Si hay un director que es una máquina de destrucción masiva, ese es Roland Emmerich.
En sus películas, en especial en su etapa en Hollywood, la habilidad de hacer añicos puentes, avenidas y edificaciones es su seña de identidad.
Su primer acto de pulverizar ciudades enteras fue en la película Independence Day (1996), cuando unos extraterrestres de pésimo humor decidieron acabar con la Tierra de un solo plumazo un 4 de julio, fecha de la independencia de Estados Unidos de su madre inglesa.

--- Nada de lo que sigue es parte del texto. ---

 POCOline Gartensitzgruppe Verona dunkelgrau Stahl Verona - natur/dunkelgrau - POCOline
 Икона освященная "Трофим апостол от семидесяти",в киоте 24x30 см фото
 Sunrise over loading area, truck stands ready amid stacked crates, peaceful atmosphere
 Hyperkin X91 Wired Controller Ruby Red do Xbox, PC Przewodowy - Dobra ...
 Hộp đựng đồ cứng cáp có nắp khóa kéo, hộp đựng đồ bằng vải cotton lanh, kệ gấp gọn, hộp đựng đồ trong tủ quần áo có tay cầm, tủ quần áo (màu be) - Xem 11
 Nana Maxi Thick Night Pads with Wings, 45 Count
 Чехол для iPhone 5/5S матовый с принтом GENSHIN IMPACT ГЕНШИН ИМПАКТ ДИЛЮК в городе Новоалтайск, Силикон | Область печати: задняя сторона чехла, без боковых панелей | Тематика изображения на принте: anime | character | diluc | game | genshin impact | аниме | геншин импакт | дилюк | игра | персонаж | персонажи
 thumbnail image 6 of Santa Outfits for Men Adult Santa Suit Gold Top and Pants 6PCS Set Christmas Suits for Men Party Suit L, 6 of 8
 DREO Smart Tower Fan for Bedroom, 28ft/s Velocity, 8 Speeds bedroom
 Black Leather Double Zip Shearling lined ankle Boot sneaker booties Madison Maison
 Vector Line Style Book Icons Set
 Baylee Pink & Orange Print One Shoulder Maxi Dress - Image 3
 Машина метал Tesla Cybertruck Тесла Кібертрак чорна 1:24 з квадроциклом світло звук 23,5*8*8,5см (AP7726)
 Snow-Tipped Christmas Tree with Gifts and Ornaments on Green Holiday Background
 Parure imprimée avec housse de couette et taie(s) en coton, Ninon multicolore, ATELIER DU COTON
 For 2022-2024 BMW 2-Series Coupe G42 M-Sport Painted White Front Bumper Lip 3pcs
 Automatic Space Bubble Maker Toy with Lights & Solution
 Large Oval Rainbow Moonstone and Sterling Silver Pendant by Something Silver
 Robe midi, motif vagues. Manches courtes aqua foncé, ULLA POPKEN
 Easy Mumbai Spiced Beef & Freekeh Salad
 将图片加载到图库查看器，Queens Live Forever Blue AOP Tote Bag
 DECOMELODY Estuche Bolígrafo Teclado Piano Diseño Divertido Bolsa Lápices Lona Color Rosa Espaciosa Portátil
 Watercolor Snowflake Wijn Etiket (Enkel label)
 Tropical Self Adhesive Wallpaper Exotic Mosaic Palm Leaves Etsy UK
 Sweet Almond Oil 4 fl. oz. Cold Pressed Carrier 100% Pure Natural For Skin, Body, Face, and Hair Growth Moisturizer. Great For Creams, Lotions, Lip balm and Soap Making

Esa especialización continuó con la no menos arrasadora Godzilla (1998), sobre un reptil, gigante y mutante, que entre tantas ciudades del mundo decide llegar a Nueva York para no dejar títeres con cabeza.
Para evidenciar que hay distintos métodos de desmoronar lo establecido, ya sean sistemas o vidas, ubicó su The Patriot (2000) en 1776, en tiempos de la cruenta guerra de independencia entre los colonos de Nueva Inglaterra y las tropas de Jorge III.
En un tumultuoso y apocalíptico discurso sobre las consecuencias del cambio climático provocado por el hombre, firmó The Day After Tomorrow (2004), sobre una situación que podrá ocurrir si la sociedad global sigue cometiendo los mismos errores en contra de la naturaleza.
Como una señal que el peligro de hacer añicos todo lo existente siempre ha existido en la historia de este planeta, luego Roland Emmerich se hace cargo de 10,000 BC (2008), en la que los depredadores prehistóricos y los humanos de entonces vendrían siendo lo que hoy representan los grupos terroristas para la paz mundial.
Para demostrar que también sabe domar a volcanes enfurecidos y actividades sísmicas virulentas, se hizo cargo de 2012 (2009), sobre cómo la Tierra a veces pasa factura al hombre por sus desmadres.
Como no hay lugar seguro por completo, después su delirio por demoler lo que sea puso su mira en uno de los inmuebles más emblemáticos de la ciudad de Washington: la Casa Blanca en White House Down (2013).
Como una prueba que hay acciones cíclicas, por ejemplo, el peligroso don de acabar con todo lo existente, era obvio que el cineasta alemán tomara el timón de Independence Day: Resurgence (2016), secuela de su éxito de taquilla de 1996 que se estrena hoy en las salas de Panamá.
Dado el aprecio que tiene Roland Emmerich por las catástrofes, por los monstruos que no conocen de modales ni diálogos, por su aprecio por las más impensables tramas de ciencia ficción y por su afán de contar historias en torno al fin de la humanidad, es el cineasta indicado para encargarle un documental sobre el daño que causará a todas las especies Donald Trump, si se convierte en el cuadragésimo quinto presidente de la Unión Americana.
EMMERICH, SUS CAÍDAS Y SUBIDAS
El más grandioso desempeño en taquilla de una película del director Roland Emmerich fue con Independence Day (1996), la que obtuvo mundialmente en venta de tiquetes 817.4 millones de dólares.
Es una convocatoria increíble tomando en cuenta que fue estrenada en 2 mil 977 salas de Estados Unidos, cuando su secuela, Independence Day: Resurgence (2016) estará casi en el doble de los espacios en la Unión Americana.
También cabe recordar que en 1996 el tiquete promedio costaba $4.42 en Norteamérica y ahora ronda los $8.58 (las salas 3D,
4D e Imax son aún más elevadas).
Si bien es casi imposible que sus propuestas audiovisuales le permitan ganar un Óscar como mejor director (más fácil obtiene un Razzie) o ser el principal estreno en el Festival de Cannes, sus producciones son lucrativas.
El sitio web boxofficemojo.com calcula que al precio actual de las entradas al cine, las producciones de Emmerich hechas en la llamada meca del cine habrían recaudado un billón 884 millones de dólares.
REACCIONES
En un renglón donde el asunto le ha salido medio chueco es en su relación con los críticos. Una muestra reciente es la tibia aceptación de Independence Day: Resurgence entre los expertos.
Para Peter Bradshaw, de The Guardian, Independence Day: Resurgence es “triste y aburrida”, y además carece de “la audacia o la diversión de la primera película”.
Fionnuala Halligan, de Screendaily, señala que es “tan intencionadamente cursi y descaradamente absurda como la primera. Reparte la acción y los efectos en crecientes dosis cuidadosamente calculadas, que dan a la película una tensión que se va acumulando”.
Robbie Collin, de The Telegraph, comenta que “no solo es descuidada, sino que es casi un sinsentido”.